What needs to be done:
If an entry holds a picture, leave that picture out; copy everything else exactly.

Task input:
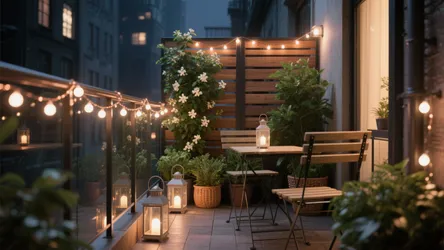 5 Balcony Garden with Light Decoration Ideas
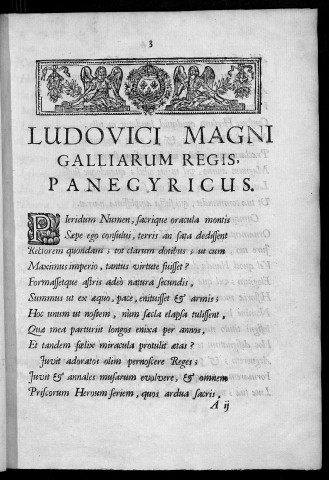 Ludovici magni Galliarum regis panegyricus. A D. Johanne Baptista Pouhat, in Senatu Vesontionensi consiliario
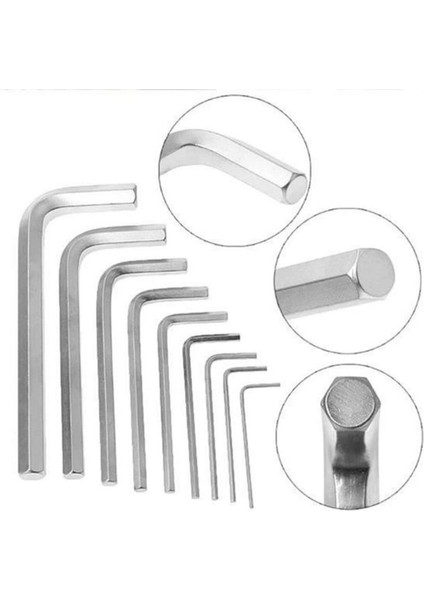 9 Parça Çelik Alyan Seti Kısa Düz Köşe Alyan Anahtar Takımı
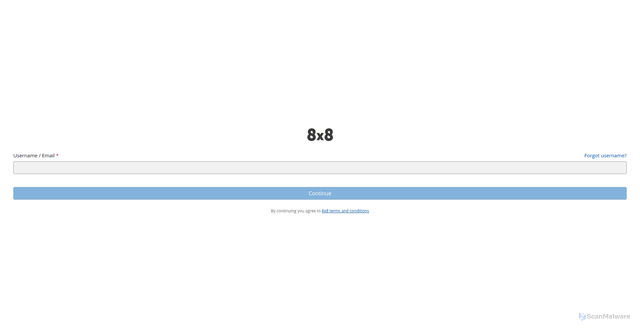 Security scan screenshot of https://admin.8x8.com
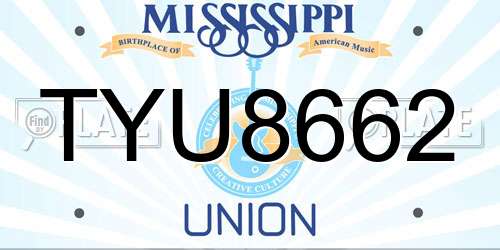 TYU8662 Mississippi License Plate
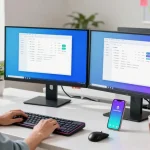 使用搜狗输入法的现代办公环境，展示用户个性化输入界面与工作空间。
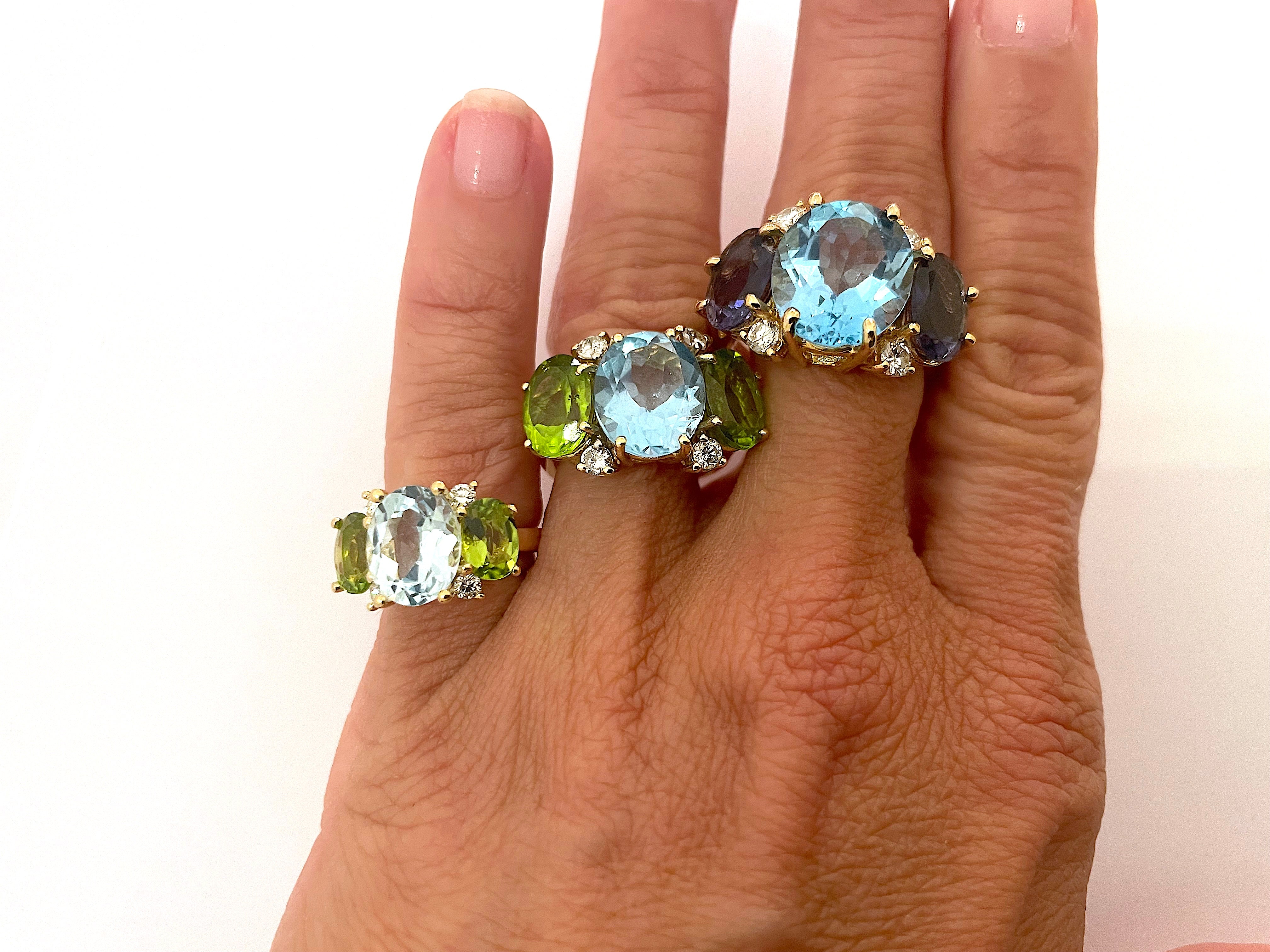 Medium GUM DROP™ Ring with Amethyst and Iolite and Diamonds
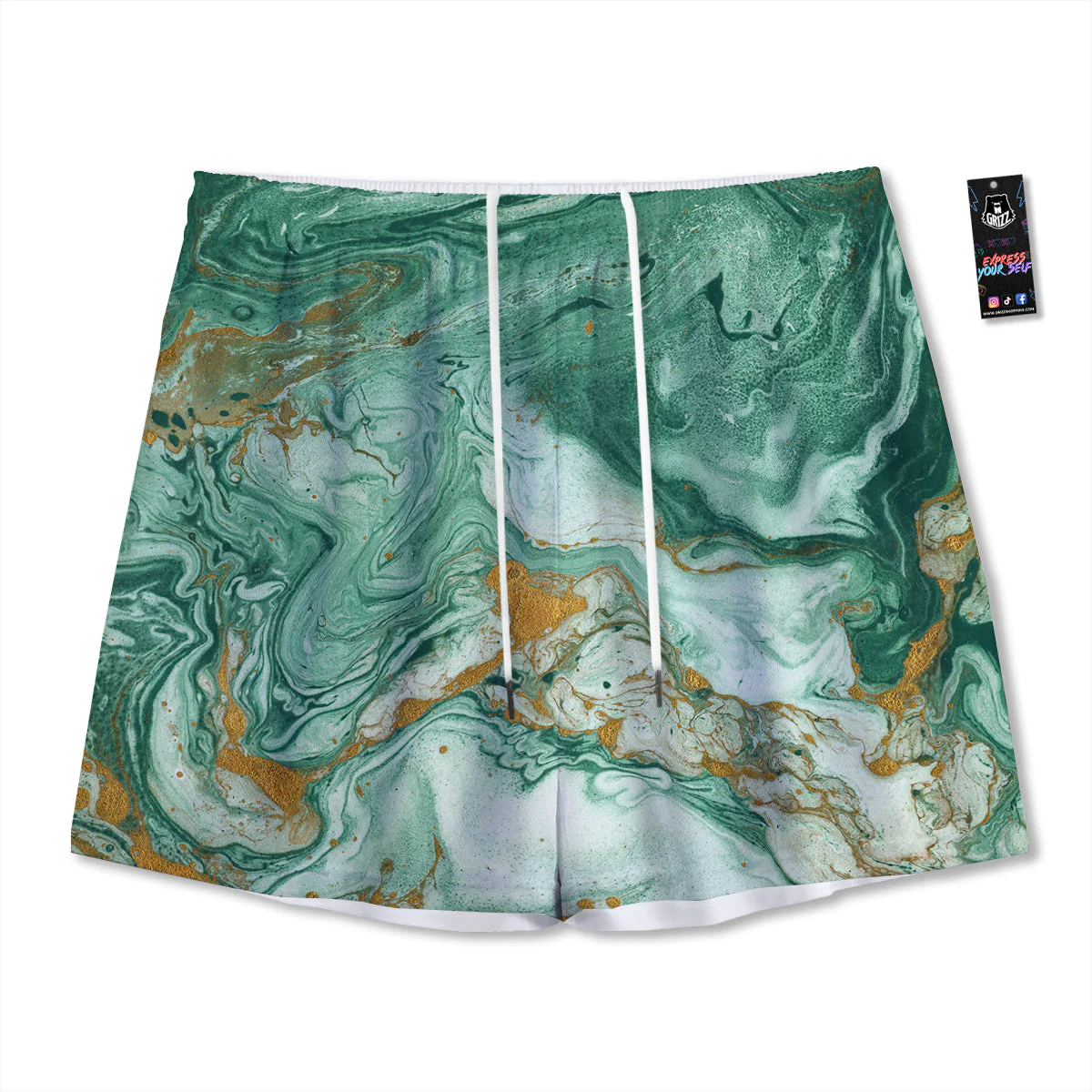 Golden And Green Marble Textue Print Mesh Shorts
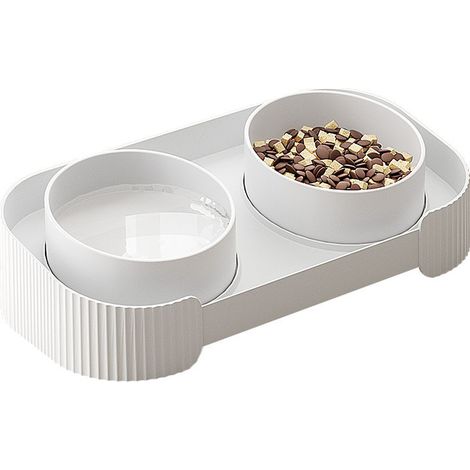 Set aus erhöhten, auslaufsicheren Keramik-Katzennäpfen (Futter und Wasser)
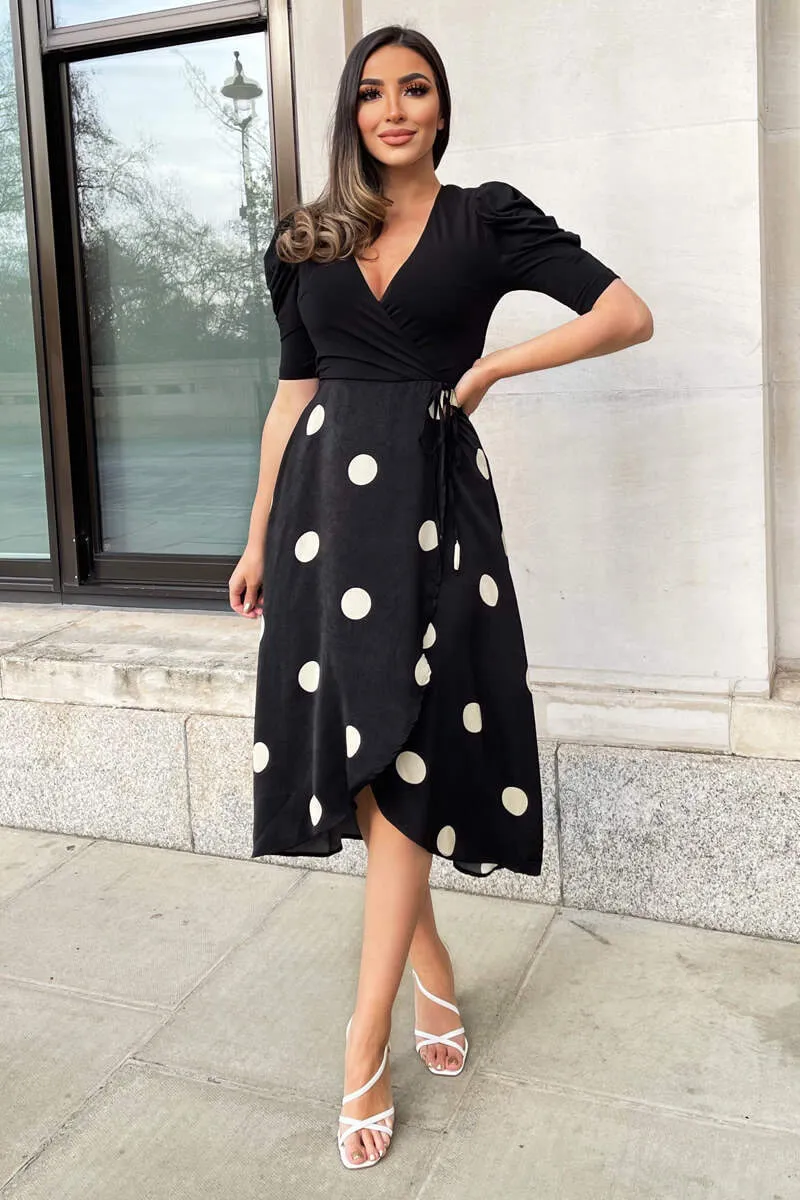Black And Cream Polka Dot 2 in 1 Wrap Over Midi Dress sold by AX Paris product image thumbnail 5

Solution:
 5 Balcony Garden with Light Decoration Ideas
 Ludovici magni Galliarum regis panegyricus. A D. Johanne Baptista Pouhat, in Senatu Vesontionensi consiliario
 9 Parça Çelik Alyan Seti Kısa Düz Köşe Alyan Anahtar Takımı
 Security scan screenshot of https://admin.8x8.com
 TYU8662 Mississippi License Plate
 使用搜狗输入法的现代办公环境，展示用户个性化输入界面与工作空间。
 Medium GUM DROP™ Ring with Amethyst and Iolite and Diamonds
 Golden And Green Marble Textue Print Mesh Shorts
 Set aus erhöhten, auslaufsicheren Keramik-Katzennäpfen (Futter und Wasser)
Black And Cream Polka Dot 2 in 1 Wrap Over Midi Dress sold by AX Paris product image thumbnail 5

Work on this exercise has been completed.